**REQUIRED WORK**
All that is wanted is the line with "Wholesale cross bead" and each line after it to the end of the data below, set down exactly and without pictures.

::::::::::

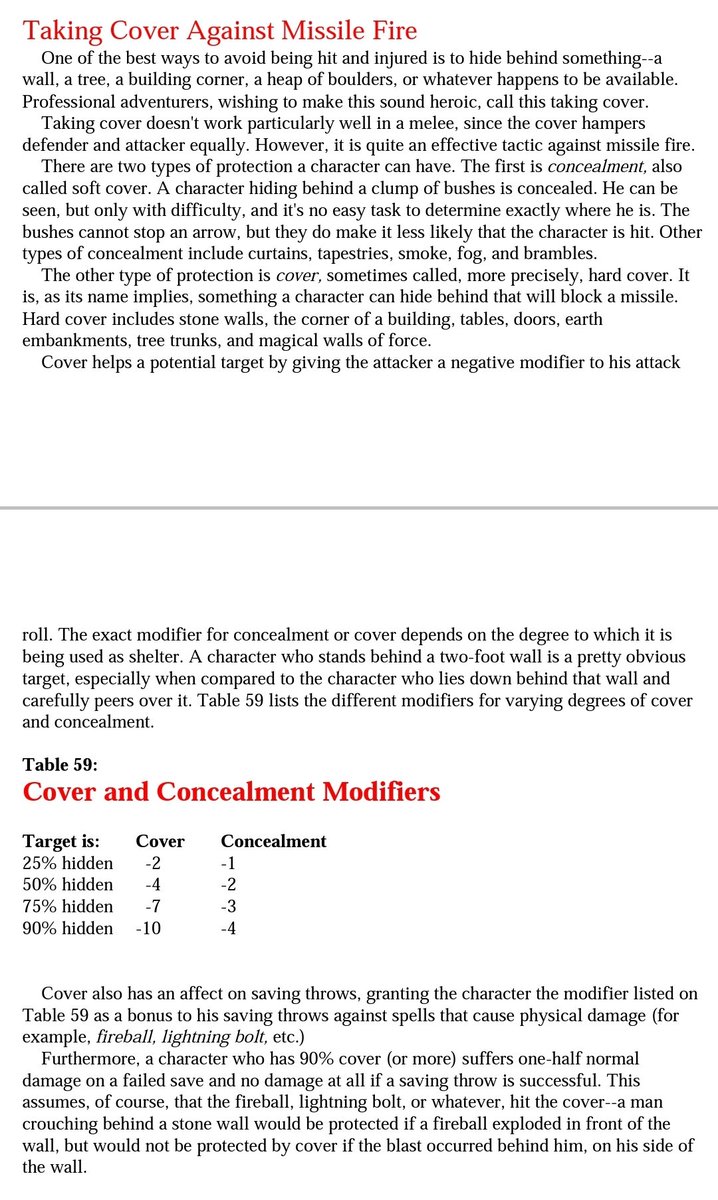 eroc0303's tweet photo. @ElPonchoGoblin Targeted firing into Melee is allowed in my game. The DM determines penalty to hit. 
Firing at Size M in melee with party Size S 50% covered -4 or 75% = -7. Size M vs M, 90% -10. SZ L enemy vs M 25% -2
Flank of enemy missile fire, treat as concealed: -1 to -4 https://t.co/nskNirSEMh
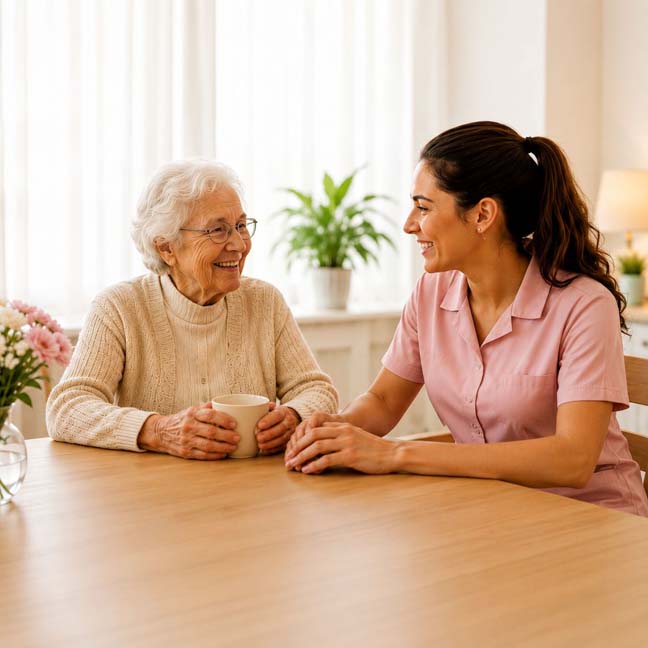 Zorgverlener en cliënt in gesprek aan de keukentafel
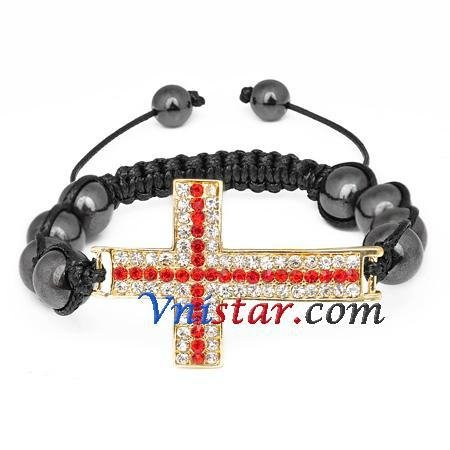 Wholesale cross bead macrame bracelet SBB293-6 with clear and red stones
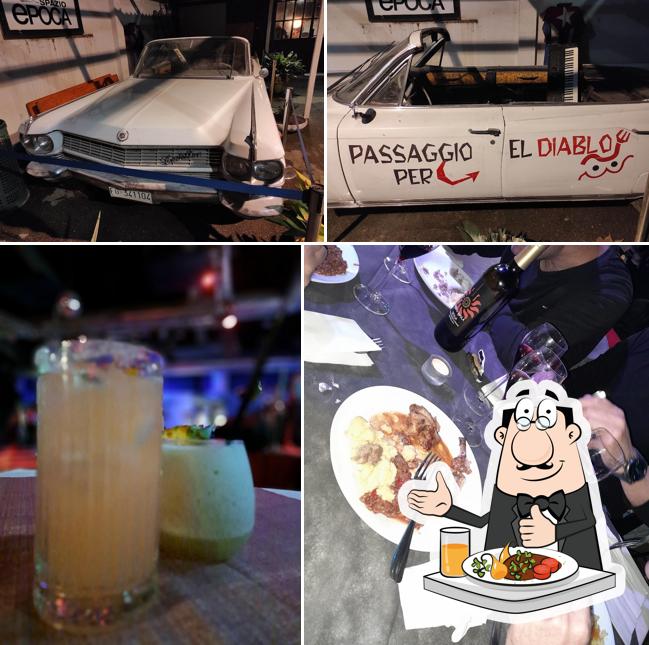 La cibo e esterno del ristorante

::::::::::

**ANSWER BELOW**
 Wholesale cross bead macrame bracelet SBB293-6 with clear and red stones
 La cibo e esterno del ristorante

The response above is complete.